Data below:
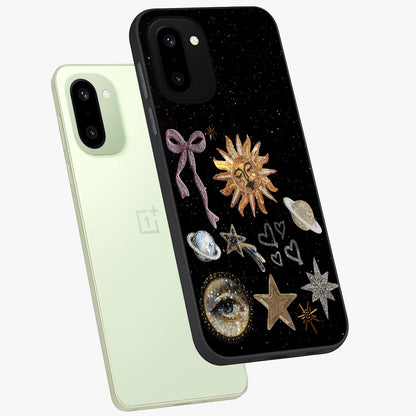 Galactic Sun Charm Glass Case for 1+15R angled mockup showcasing glossy finish and warm galaxy tones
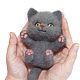 Kitten grey Duke Toy, made of wool, dry felting, Felted Toy, Zeya,  Фото №1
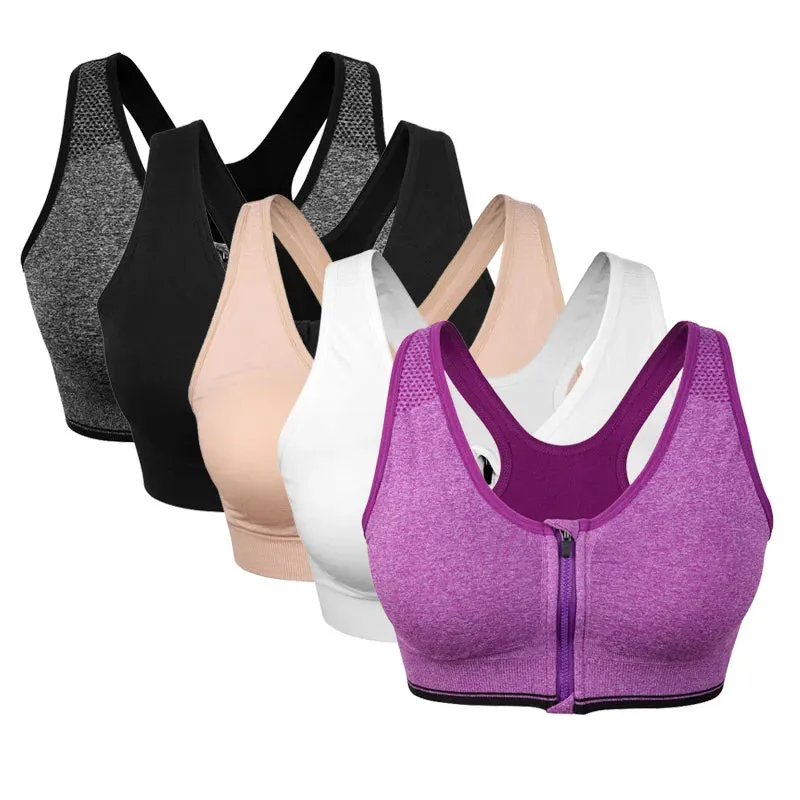 Front Zipper Sports Bra for Women - Breathable Padded Push Up Workout Top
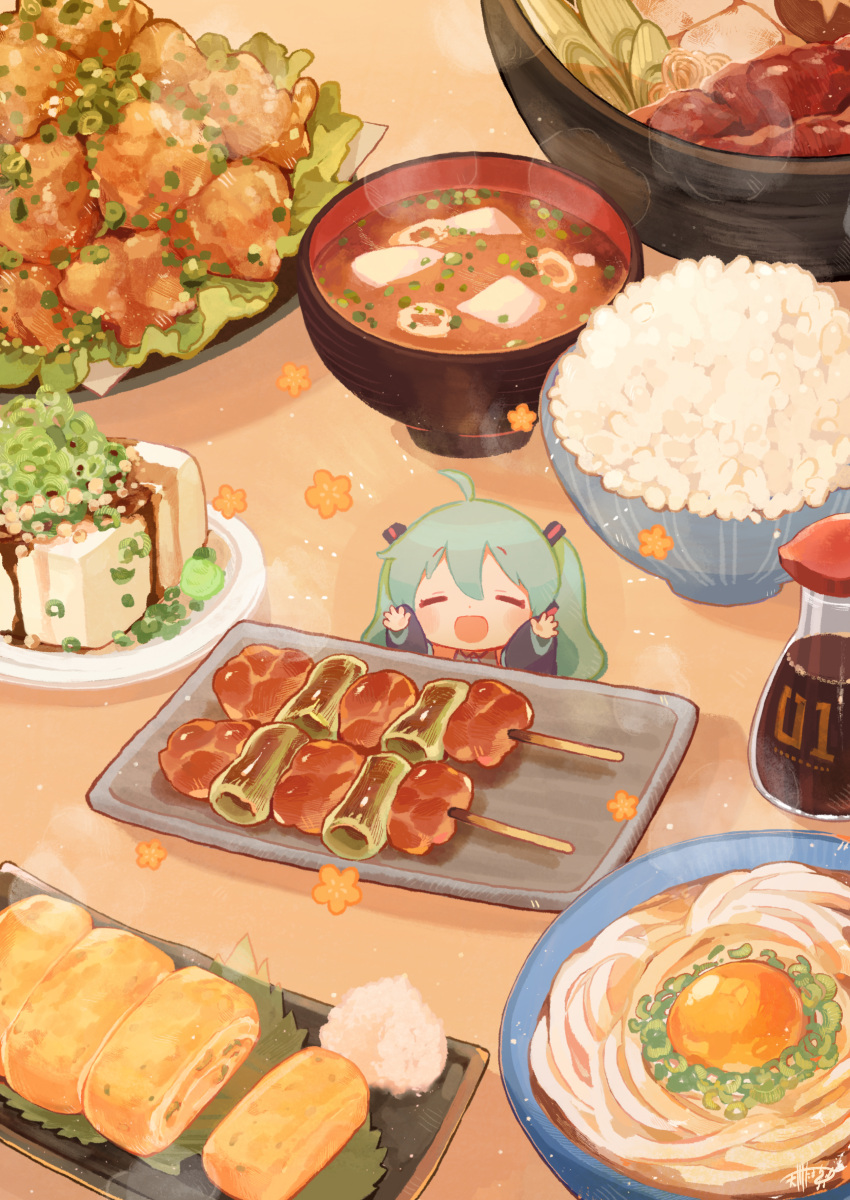 1girl, absurdres, amakawa_tamawo, aqua_hair, bowl, chibi, closed_eyes, food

Exercise: Repeat the listing above word for word, omitting the pictures.

Your solution:
 Galactic Sun Charm Glass Case for 1+15R angled mockup showcasing glossy finish and warm galaxy tones
 Kitten grey Duke Toy, made of wool, dry felting, Felted Toy, Zeya,  Фото №1
 Front Zipper Sports Bra for Women - Breathable Padded Push Up Workout Top
 1girl, absurdres, amakawa_tamawo, aqua_hair, bowl, chibi, closed_eyes, food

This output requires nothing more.